Data records |
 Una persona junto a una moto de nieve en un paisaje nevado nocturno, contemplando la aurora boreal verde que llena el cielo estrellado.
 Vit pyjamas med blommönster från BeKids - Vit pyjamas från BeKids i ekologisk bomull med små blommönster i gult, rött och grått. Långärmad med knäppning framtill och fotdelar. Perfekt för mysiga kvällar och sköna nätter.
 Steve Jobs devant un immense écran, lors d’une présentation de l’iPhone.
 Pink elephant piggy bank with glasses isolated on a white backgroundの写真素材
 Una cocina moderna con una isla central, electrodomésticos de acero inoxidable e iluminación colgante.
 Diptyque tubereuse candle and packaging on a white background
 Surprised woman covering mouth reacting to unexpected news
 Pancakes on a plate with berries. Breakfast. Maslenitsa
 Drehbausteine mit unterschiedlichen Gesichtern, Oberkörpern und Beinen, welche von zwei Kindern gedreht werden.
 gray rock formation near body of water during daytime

Your task |
Your output must be the exact lines from the one containing "Pancakes on a" through the end of the data above, both included, and nothing more.

Output of the exercise |
 Pancakes on a plate with berries. Breakfast. Maslenitsa
 Drehbausteine mit unterschiedlichen Gesichtern, Oberkörpern und Beinen, welche von zwei Kindern gedreht werden.
 gray rock formation near body of water during daytime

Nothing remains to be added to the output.